Wednesday, 7 September 2011

3rd September - Saturday - Full Length Mirrors and A Kindly Hairdresser


Blood was 5.8 this morning, which is higher than I like.

My parents have a peculiar feature in the upstairs of their house. It’s a full-length mirror that runs the height of the wall opposite which you find yourself when you stumble out of bed, groggy and flapppy and dangly and before you’re altogether wise enough to cope with such an image. That happened to me this morning around 8ish. Stumbled out of bed, scratching myself, and went to pee, only to be confronted by the pale, naked wobbly truth of my still 17 and a half stoneness, getting bigger in the mirror with every step I took.

That’s the kind of thing that really puts a downer in your day.
Got up, and the idea was that I’d go get a haircut and a shave before inflicting my face on the innocent seaside.

Now, this is probably A Thing, and I seem, throughout the course of this experiment, to be leaving No Thing Unexplored, so here you go.
London is, of course, a massive metropolitan city. So why it’s so tricky to find a hairdresser that doesn’t make my bowels clench in terror or intimidation, I don’t know, but it is.
Living in Stratford, there are about three hairdressers within walking distance of our house, and I’ve gone to each of them over the years. There’s the fiercely-serious salon where, when I walked in, you got that air of the Western, when the innocent young cowpoke walks into the gunslinger’s saloon, and every eye turns to look at him.

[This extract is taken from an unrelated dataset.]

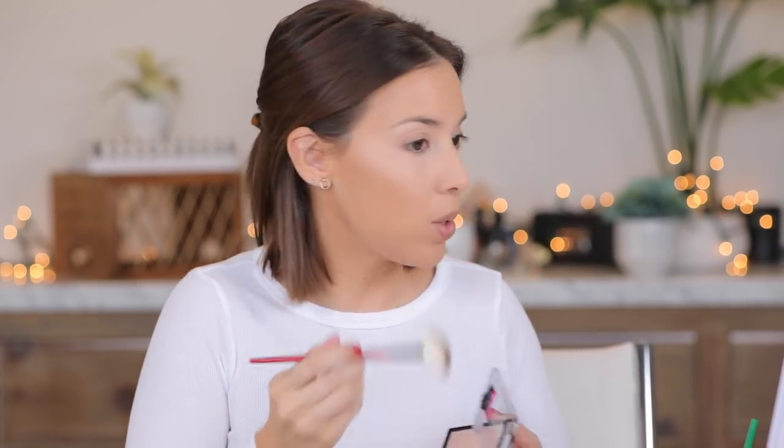For highlight today I'm trying the Wet & Wild mega glow highlighting powder in the shade Blossom Glow — it's one of their newer ones. It's a little bit light for me, so I also pulled out the Maybelline Master Chrome in Molten Gold, which I've used many times and love. I'm going to pop some of this on — wow, that's really pretty! It is very pink though. Very light hand with that one. It's a really pretty highlighter — kind of an iridescent vibe without being too purple.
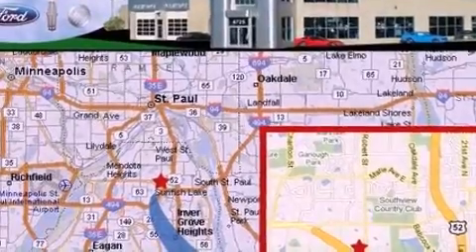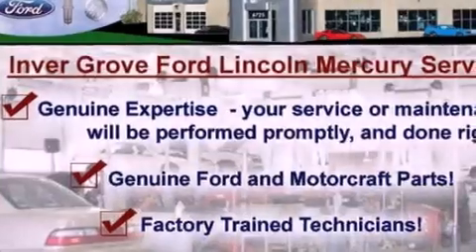Additional features include 17-inch wheels, a rear spoiler, an anti-lock braking system, air conditioning, and a multi-link rear suspension.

It would probably be fair to say that they didn’t expect to have to sully their creative gifts with the simple Yeti-shaving arts required by this white-boy. They did it, but with much sucking of teeth. I went back the second time just to prove the power of the customer, and the music was so loud that the barber ‘misheard’ my “I’d like a trim please” as “shave me bald so I look like a racist Sontaran penis-head please”. Which was an interesting look for a while...
The second hairdressers in the vicinity was an all-female establishment, run by mainly-white, mainly older women, who made me look like the pictures I have from junior school. It’s not easy, when you’re as bald as I am, so pull off a pudding-bowl fringe, and I have no illusions that I managed it.
The third hairdressers would be what you’d get if the first two (gods forbid) had a love-child – a serious hair emporium run by mainly young black women, which was like the serious male establishment, only with a salty level of ribaldry that floated above your endangered head like a fog of aggressive oestrogen.

So I tried a hairdresser in the city, and on Oxford Street, I found one that I could occasionally visit without getting tongue-tied and coming out looking like the aforementioned racist Sontaran (I’m not gonna spoon-feed you this image by the way – if you don’t know what a Sontaran is, please feel free to Google it).

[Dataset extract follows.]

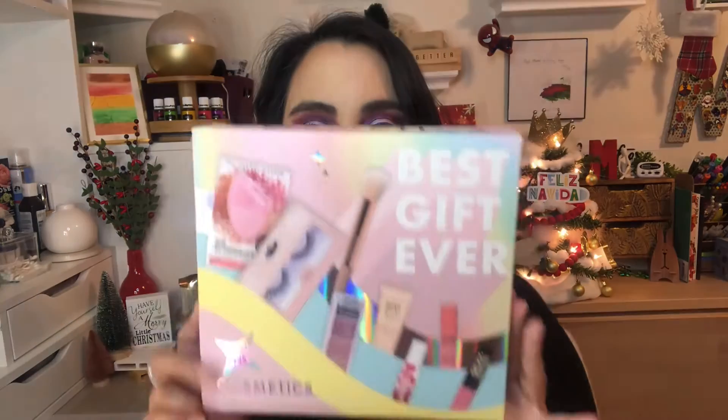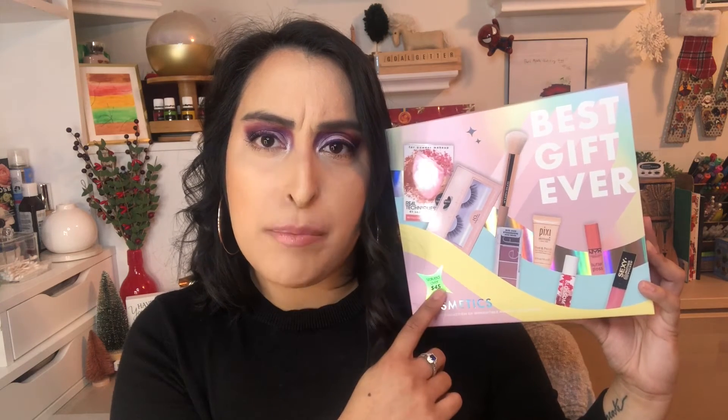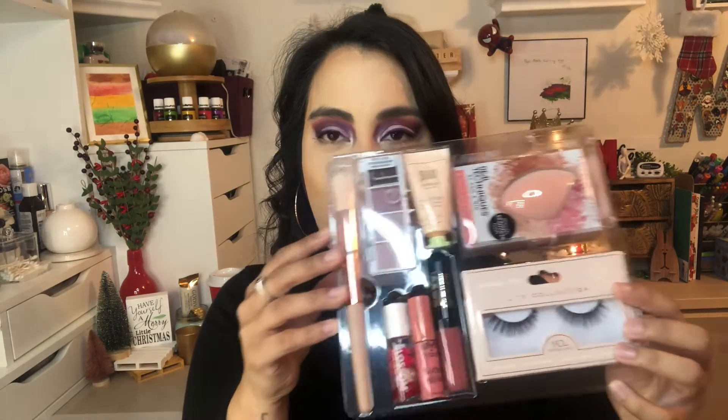The next one I'm super excited about because I found it at the second Target I went to. It is the Best Gift Ever set, and as you can see it's a ton of different goodies. This retails for $14.99 — I picked it up with the 15% off from the Target app for $12.49. I really want to do an individual review on this because look how pretty all of the products look. I am so obsessed and definitely suggest you pick it up.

But even my Oxford Street experience is dangerously hip, and barks questions at you over the music, and processes customers at an alarming rate – it’s kind of like a cross between a hairdressers and an abattoir.

So, I’ve taken to visiting a Merthyr barbers/hairdressers every time we’re in the town. I’m now known to quite a few of ‘the girls’ who work there, and there’s only the low buzz of a radio, meaning they engage you in the lost art of ‘general hairdressers’ chit-chat’. Now, I’ve never been one for chit-chat in the barbers’ chair, but there’s something so homely and familiar about the accent, I think, that in that place, I indulge, and it’s relaxing, rather than tiresome.

So off I toddled for my semi-regular appointment with the Cousin-It shavers. Oddly enough, throwing a little caution to the wind in the spirit of vacation, I told the girl to do what felt good.
Look at me, I’m a racist, probably bi-curious Sontaran...
But she redeemed herself utterly as I got up to pay and leave.
“Dewwww,” she said (which is actually Welsh for Godddd, but sounds more like genuine surprise and less like petulance than you’d expect). “You’ve lost a lot of weight, ‘aven’ew?”
I beamed.
“A bit,” I said, faking modesty.
“’ow much you lost now then?”
“’bout three stone,” I said, throwing modesty to the wind.
“Dewwwww,” she said, adding a ‘w’ in appreciation. “Tha’s marvellous. Whatch’ew doin’?”
“Absolutely buggerall, that’s the point,” I confided. “Nothing of any calorific pleasure-value whatsoever, plus walking, plus biking.”
“Welllll,” she said appreciatively. “Looks amazin’, fair play like...”
I gave her ten pounds for the six pound cut. She’d more than earned her money.

Shortly after my hairdressing adventure, we were off, heading to Amroth, the tiny, beautiful village that time forgot on the coast of Wales. Checked that the sea was still there. Then, a couple of hours later, checked again. It’s tragically boy-scout, I know, but looking at the sea never gets dull somehow.

My vacation-stomach appeared to kick in later in the evening though – my folks are staying the night, and the parade of dinner, and fruit, and nuts and crackers and cheese, and more nuts that filled the evening made me groan with memories of sensual pleasure and gluttony as we creaked our way up the stairs.

Tomorrow, dagnabbit, there will be walking!